-- Dataset excerpts follows --
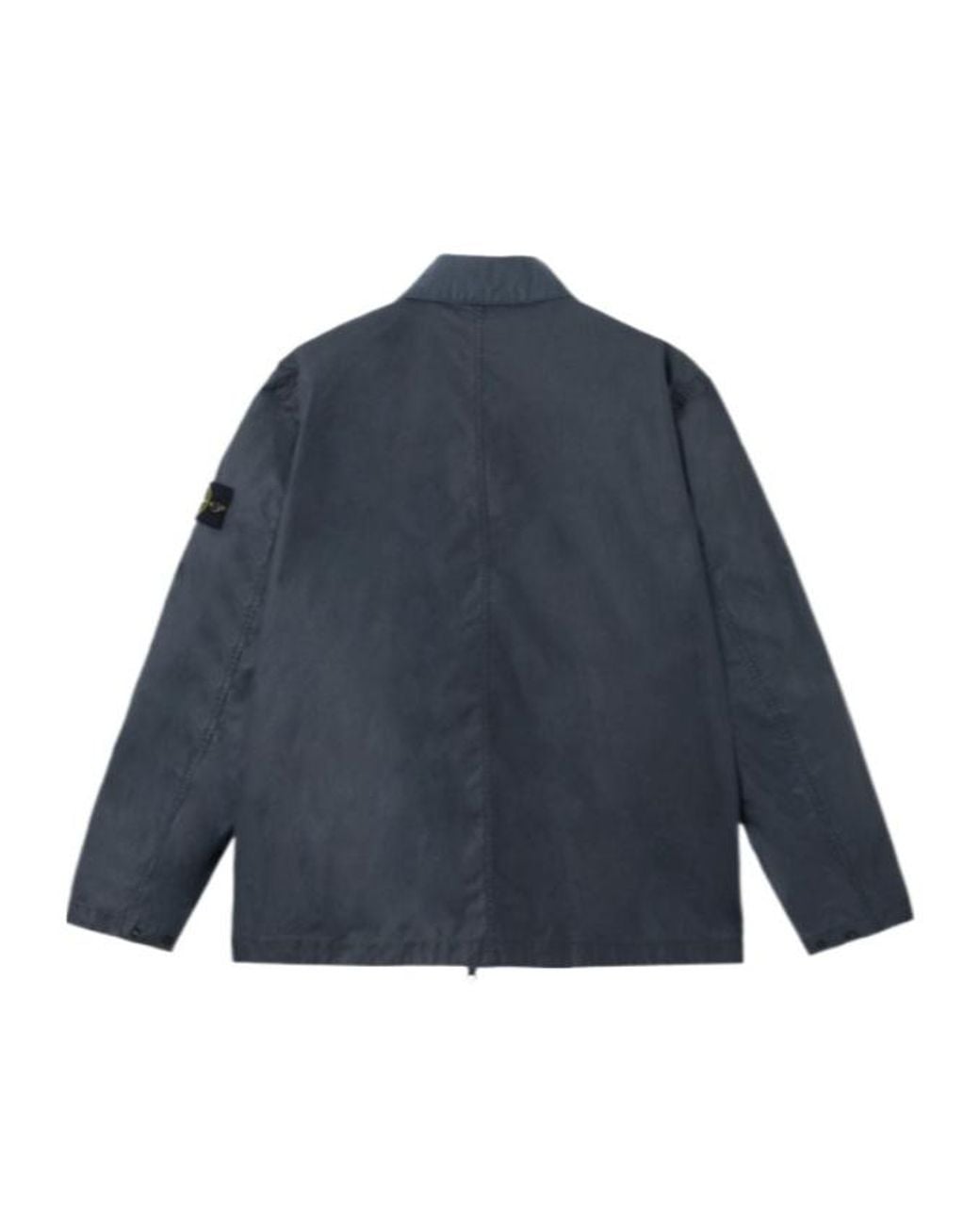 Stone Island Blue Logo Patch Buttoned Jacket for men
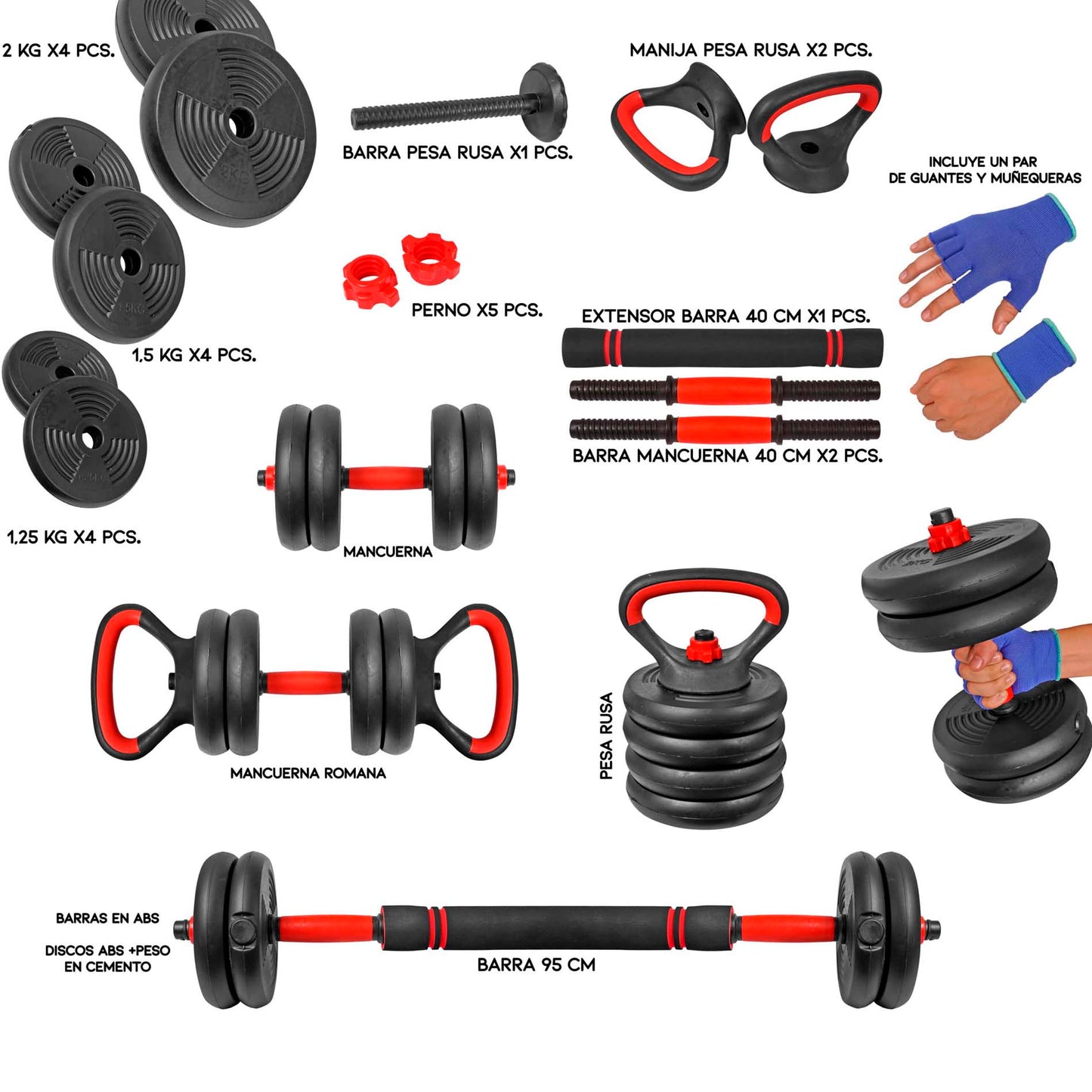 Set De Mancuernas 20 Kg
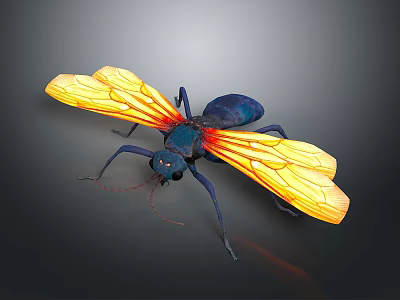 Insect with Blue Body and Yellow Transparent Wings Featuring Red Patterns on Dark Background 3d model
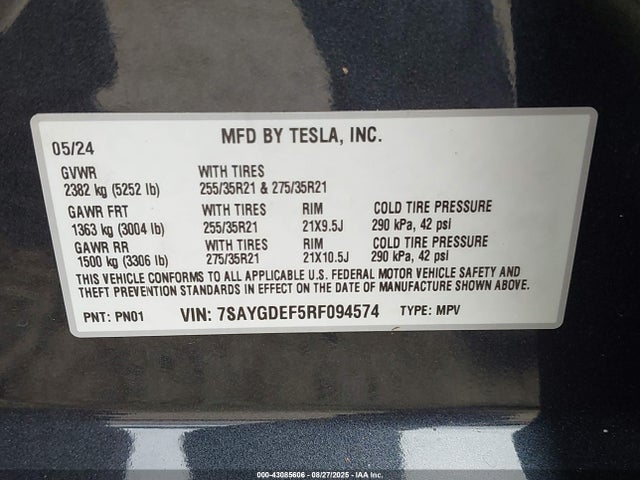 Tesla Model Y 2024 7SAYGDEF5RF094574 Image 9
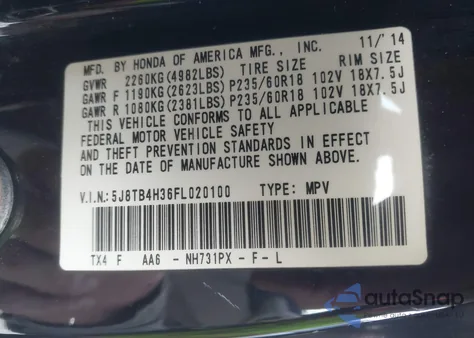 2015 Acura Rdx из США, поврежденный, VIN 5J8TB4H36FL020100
-- Dataset excerpts concluded --
_Directions for this task_: Reproduce the data above verbatim, minus any images.

_Exercise solution_:
 Stone Island Blue Logo Patch Buttoned Jacket for men
 Set De Mancuernas 20 Kg
 Insect with Blue Body and Yellow Transparent Wings Featuring Red Patterns on Dark Background 3d model
 Tesla Model Y 2024 7SAYGDEF5RF094574 Image 9
 2015 Acura Rdx из США, поврежденный, VIN 5J8TB4H36FL020100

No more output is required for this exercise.